**YOUR INSTRUCTIONS**
Output the lines of the entries below beginning at the one with "Colorful mermaid and" and ending with the last, exactly as written and without pictures.

Segment Open

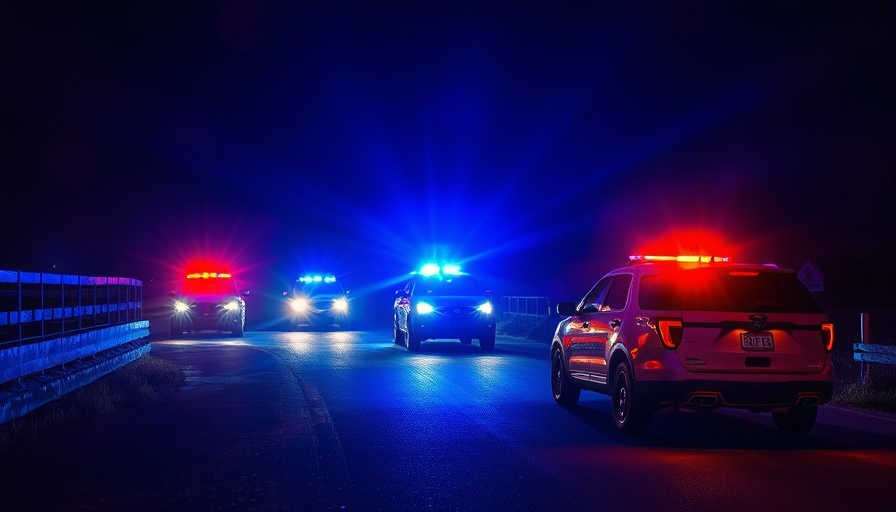 Police vehicles at a nighttime US 1 checkpoint, blue and red lights flashing.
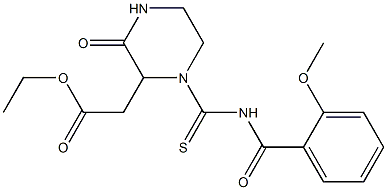 ethyl 2-(1-{[(2-methoxybenzoyl)amino]carbothioyl}-3-oxo-2-piperazinyl)acetate Struktur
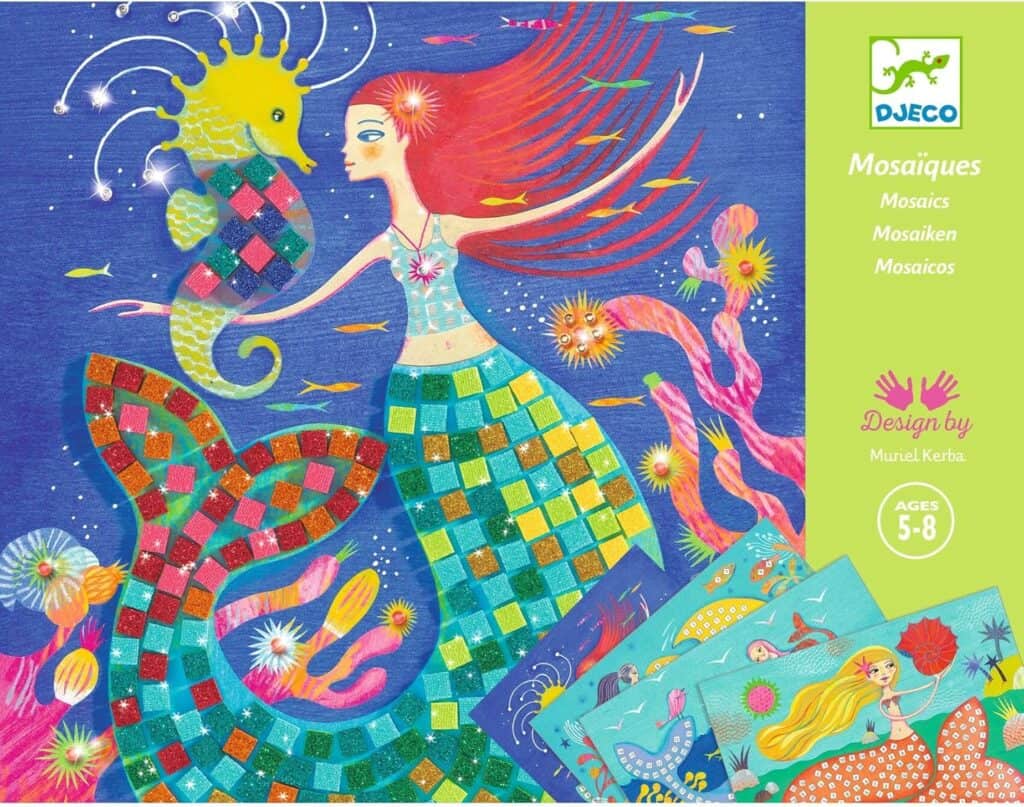 Colorful mermaid and seahorse mosaic design for kids.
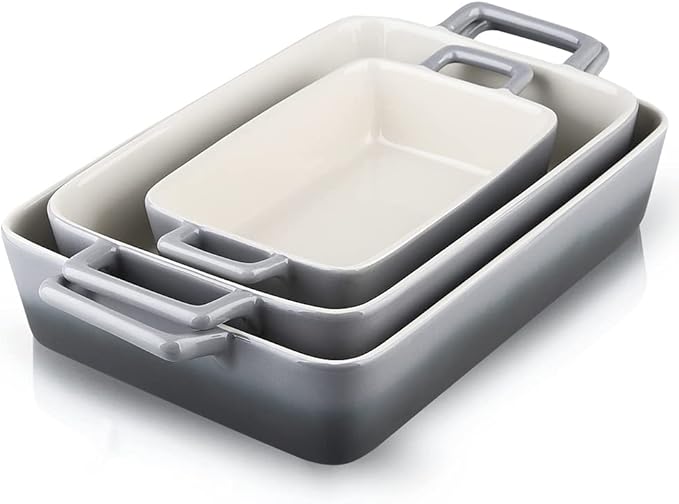 KOOV 3-piece ceramic bakeware set gradient gray rectangular baking pans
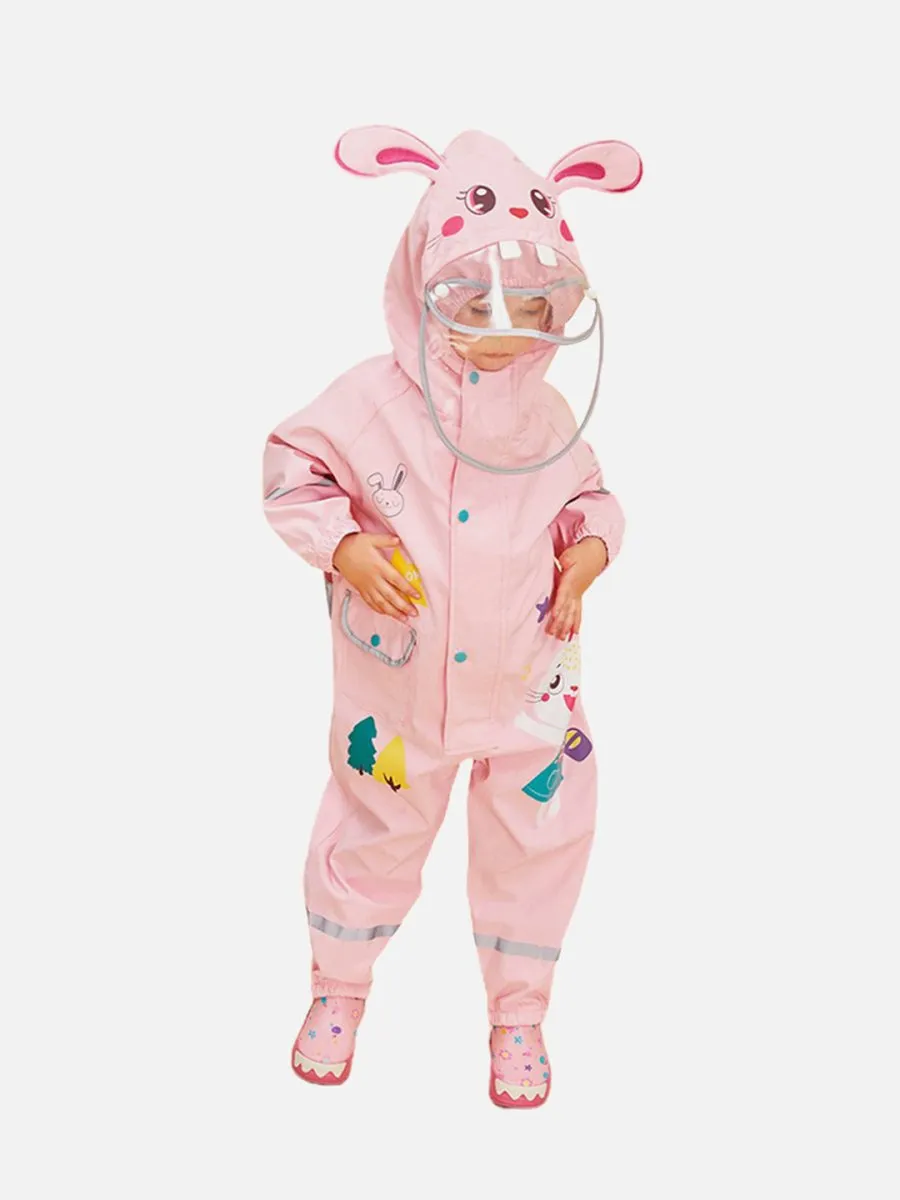 Little Surprise Box Baby Pink Rabbit Theme All Over Jumpsuit / Playsuit Raincoat for Kids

Segment Closed

**OUTPUT FOR THIS TASK**
 Colorful mermaid and seahorse mosaic design for kids.
 KOOV 3-piece ceramic bakeware set gradient gray rectangular baking pans
 Little Surprise Box Baby Pink Rabbit Theme All Over Jumpsuit / Playsuit Raincoat for Kids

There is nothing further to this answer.